Os anunciantes e agências terão que encontrar alguma outra forma de manter os negócios com os produtos infantis, embora possam enfrentar uma grande redução no valor deste mercado em um cenário econômico que já não se encontra nada favorável.

Agora, os pais e crianças que não tem acesso a outros meios de comunicação e entretenimento, estes sim serão desfalcados com uma fonte de entretenimento gratuito a menos. Porque ninguém pergunta aos pais, os maiores interessados, o que eles acham, antes de fazer este tipo de regulamentação?

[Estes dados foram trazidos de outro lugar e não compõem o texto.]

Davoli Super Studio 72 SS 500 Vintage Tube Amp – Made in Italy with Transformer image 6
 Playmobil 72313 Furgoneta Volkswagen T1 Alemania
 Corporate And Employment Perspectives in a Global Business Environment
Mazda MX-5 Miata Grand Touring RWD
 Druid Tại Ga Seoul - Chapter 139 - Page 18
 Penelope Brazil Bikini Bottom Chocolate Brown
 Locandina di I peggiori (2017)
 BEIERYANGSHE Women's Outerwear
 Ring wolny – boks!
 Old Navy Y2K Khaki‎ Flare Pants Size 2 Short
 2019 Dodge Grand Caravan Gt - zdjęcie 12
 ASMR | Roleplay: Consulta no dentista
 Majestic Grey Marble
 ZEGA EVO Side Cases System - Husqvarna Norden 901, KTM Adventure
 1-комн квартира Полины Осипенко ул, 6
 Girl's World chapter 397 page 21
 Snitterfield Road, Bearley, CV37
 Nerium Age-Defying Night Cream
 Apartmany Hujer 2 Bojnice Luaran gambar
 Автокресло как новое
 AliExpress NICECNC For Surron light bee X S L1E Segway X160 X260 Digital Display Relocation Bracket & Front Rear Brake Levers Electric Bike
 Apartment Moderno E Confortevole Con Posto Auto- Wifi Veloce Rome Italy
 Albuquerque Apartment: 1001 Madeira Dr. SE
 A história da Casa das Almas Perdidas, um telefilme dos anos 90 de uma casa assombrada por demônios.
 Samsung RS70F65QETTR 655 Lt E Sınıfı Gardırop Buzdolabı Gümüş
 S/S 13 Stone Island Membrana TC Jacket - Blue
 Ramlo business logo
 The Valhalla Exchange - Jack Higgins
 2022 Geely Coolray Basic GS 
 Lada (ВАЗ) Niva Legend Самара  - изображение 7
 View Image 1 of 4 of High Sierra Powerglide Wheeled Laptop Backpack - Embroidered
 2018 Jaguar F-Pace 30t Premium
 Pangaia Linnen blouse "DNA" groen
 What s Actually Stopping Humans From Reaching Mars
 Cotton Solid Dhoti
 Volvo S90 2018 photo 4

Como ponto positivo, fica a discussão. Afinal de contas, existe sim um abuso dos impulsos consumistas na sociedade em que vivemos e é claro que isso reflete em nossas crianças. É muito saudável discutir isto. Mas esta discussão podia ter sido gerada de outra forma, mais efetiva e menos impositiva.

 

2 Responses to “Não vai ter mais publicidade infantil?”

  1. Telma, Responder

    É só verificar como funciona a tv nos inúmeros países onde a propaganda para o publico infantil é proibida.
    Não podemos colocar interesses pessoais e o “maldito” dinheiro que corrompe tudo falar mais alto que o bem estar das crianças, não dá pros pais estarem mudando de canal sempre que os comerciais inundam a casa mostrando que aquilo é maravilhoso e na cabeça das crianças indispensável. Para uma criança é muito difícil lidar com isso, eles não possuem “armas” para lidar com as “armadilhas” publicitárias. É “golpe baixo”, é só se informar com qualquer psicólogo mais ou menos, nem precisa ser um ótimo psicólogo. quem tem que decidir isso são os profissionais especializados no funcionamento do cérebro em especial infantil, são psicólogos e psiquiatras entre outros especialistas que não tenham opiniões tendenciosas como os ligados diretamente a produção e transmissão de propagandas ou os produtores de brinquedos. Pasmo ao ver que as pessoas pouco se importam com as próprias crianças, com o bem estar dos outros, com o sofrimento e sentimento de inadequação que isso causa. É INACREDITÁVEL!!!!! Temos que estar atentos que os pais pouco sabem dos resultados e efeitos que a propaganda e bombardeio de incentivo ao consumo, é só ver o quanto consomem e o quanto enchem as crianças de produtos em geral. Agora falar em perguntar as crianças é brincadeira, né?! Pq elas não são capazes de saber o que está sendo feito contra elas.
    Me pergunto como alguém que opta por trabalhar com produtos pra crianças não se importa com as próprias? Mas eu sei a resposta. DINHEIRO. O q as pessoas não fazem por dinheiro? Os valores de nossa sociedade, a auto estima das pessoas, que certamente já foram vítima de ter de ter pra serem bem aceitos já na infância, certamente pessoas assim não intenderam os valores corretos.

    • Edhy Marketing, Responder

      Oi Telma, a ideia não é perguntar às próprias crianças, que realmente não tem o poder de julgamento necessário. Mas sim aos pais das mesmas. É uma discussão muito rica e publicidade infantil tem sim que ter limite e regulamentação. Mas veja os cenários que traçamos e avalie – a probabilidade de, ao proibir totalmente a publicidade infantil, estarmos tirando uma opção de entretenimento das crianças cujos pais não tem dinheiro para assinar uma TV a cabo ou ter internet em casa (que por sinal, precisa ser muito melhor vigiada porque oferece ainda mais riscos do que apenas propagandas). Ou então as crianças estarão sendo expostas a propagandas que não são para elas. E que também criam estímulos. Não seria pior?
      Idealmente, deveríamos passar mais tempo com nossas crianças, leva-las ao parque, brincar na rua e desligar a TV. Mas no mundo real isso se torna inviável para a maioria dos pais. É uma questão de efeitos e escolhas entre opções mais ou menos danosas para nossas crianças. É por isso que a sociedade como um todo precisa estar engajada nesta discussão.